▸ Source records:

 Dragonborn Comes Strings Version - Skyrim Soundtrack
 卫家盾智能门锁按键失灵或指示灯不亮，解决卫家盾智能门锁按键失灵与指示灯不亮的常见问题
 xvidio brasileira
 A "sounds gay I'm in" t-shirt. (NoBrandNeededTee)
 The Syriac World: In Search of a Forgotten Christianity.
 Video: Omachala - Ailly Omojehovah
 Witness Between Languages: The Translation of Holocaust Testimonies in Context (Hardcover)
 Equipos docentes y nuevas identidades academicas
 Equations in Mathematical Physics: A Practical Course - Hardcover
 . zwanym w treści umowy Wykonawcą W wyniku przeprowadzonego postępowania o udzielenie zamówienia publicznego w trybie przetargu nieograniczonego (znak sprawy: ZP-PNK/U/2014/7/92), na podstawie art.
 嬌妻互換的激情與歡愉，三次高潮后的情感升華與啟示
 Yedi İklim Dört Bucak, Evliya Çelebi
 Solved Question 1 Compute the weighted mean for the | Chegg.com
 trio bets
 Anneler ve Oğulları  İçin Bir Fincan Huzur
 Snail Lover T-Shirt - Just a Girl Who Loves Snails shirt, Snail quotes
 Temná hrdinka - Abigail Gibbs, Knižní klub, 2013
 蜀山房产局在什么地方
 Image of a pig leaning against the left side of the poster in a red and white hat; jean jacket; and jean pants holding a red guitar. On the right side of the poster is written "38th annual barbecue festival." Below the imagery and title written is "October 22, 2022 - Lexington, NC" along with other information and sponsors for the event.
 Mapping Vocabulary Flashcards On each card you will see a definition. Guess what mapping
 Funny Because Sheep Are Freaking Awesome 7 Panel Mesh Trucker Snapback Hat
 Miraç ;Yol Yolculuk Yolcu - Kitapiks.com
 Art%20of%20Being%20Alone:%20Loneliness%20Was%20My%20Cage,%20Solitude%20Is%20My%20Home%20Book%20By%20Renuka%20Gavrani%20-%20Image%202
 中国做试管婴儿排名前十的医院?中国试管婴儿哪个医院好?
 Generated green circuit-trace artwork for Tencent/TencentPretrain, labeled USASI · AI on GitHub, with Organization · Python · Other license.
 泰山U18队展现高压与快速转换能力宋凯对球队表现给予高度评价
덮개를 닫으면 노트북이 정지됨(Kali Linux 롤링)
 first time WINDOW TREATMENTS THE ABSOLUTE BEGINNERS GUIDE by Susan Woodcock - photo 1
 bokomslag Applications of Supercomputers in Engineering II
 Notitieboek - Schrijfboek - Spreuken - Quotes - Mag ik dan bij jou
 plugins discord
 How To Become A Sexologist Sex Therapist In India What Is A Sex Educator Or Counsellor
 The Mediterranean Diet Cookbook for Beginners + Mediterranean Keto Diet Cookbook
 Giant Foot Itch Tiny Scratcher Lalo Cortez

▸ Your assignment:
Check the records above and copy each line that has the string "Hardcover".

▸ Problem solution:
 Witness Between Languages: The Translation of Holocaust Testimonies in Context (Hardcover)
 Equations in Mathematical Physics: A Practical Course - Hardcover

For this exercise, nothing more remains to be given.